Vacation

by Peter Saint-Andre

2002-03-25

What I'm doing on "spring break"...

Officially I'm on vacation right now. It seems that I haven't been taking enough vacation days, so I was told that my cup runneth over -- if I didn't use some days by the end of the quarter, I would stop accumulating time off. I've never had a forced vacation before! :-)

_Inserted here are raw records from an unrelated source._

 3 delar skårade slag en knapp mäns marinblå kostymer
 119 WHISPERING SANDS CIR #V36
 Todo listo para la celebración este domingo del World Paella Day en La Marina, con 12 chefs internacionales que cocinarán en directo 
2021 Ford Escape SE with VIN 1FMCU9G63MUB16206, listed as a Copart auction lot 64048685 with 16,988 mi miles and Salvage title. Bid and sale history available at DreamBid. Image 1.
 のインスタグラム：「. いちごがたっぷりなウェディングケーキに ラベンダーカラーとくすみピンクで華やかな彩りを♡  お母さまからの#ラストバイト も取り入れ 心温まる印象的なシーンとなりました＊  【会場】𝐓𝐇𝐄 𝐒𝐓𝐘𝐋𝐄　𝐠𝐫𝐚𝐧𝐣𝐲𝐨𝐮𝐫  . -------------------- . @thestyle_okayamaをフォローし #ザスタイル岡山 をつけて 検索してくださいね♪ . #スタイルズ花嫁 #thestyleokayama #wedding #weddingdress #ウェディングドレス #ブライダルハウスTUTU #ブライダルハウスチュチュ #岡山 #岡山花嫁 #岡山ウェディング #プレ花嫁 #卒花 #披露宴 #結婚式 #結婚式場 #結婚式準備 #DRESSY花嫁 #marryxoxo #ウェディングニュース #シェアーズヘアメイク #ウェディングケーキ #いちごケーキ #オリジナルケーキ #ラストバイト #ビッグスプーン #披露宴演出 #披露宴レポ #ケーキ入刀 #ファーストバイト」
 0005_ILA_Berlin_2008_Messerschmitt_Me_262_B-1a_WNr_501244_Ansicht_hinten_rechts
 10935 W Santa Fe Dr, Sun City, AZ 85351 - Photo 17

Rather than travel somewhere, I decided to spend a quiet week at home, working on various house and personal projects. There are many of the former to address, since I've been so busy in my work. As for the latter, I always have more long-term goals that I want to achieve. For instance, as a step toward publishing (more particularly, self-publishing) some of my writings in the future, I've spent the last two days learning the XSL Formatting Objects (XSL-FO) technology. XSL-FO is a fairly complicated and verbose language for creating print-ready documents from XML source files. In this way it's something of the print counterpart to HTML. The way I have experimented with XSL-FO has been to (1) create an XML source file consisting of a collection of my poems and translations, (2) write an XSLT stylesheet that transforms the XML file into a formatting objects file describing the print markup, and then (3) invoke the FOP processor (from Apache) to convert the .fo file into PDF. I've got it working pretty well: 35+ poems and translations spread over 59 A5-size pages, plus front matter including a nifty table of contents. Inevitably, I still have a few bugs to work out -- mostly related to setting up an alternating sequence of pages (left-hand pages, right-hand pages, chapter-heading pages, and appropriate blank pages) within the main text of the book. I haven't figured out how to do that yet, so perhaps I need to join the fop-users mailing list for a spell. (As if I need more mail!)

BTW, the irony is not lost on me that I, who buy perhaps two books a year, am thinking about printing words on paper with the intent that people will pay for the privilege of reading them. (Not just my own words, mind you -- my current research into publishing technologies was inspired by an email message I received from Stephen Marvin, whose novella The Assumption of Nalantei I published online in the Monadnock Review.) Yet I think there is a market, albeit likely a small one, for printed works of the kind I have published in my webzine: poems, translations, stories, and essays that are marked by passion, insight, and intelligence. Works such as Stephen Marvin's novella, poems by John Enright, translations by Leonard Cottrell, and essays and poems by yours truly.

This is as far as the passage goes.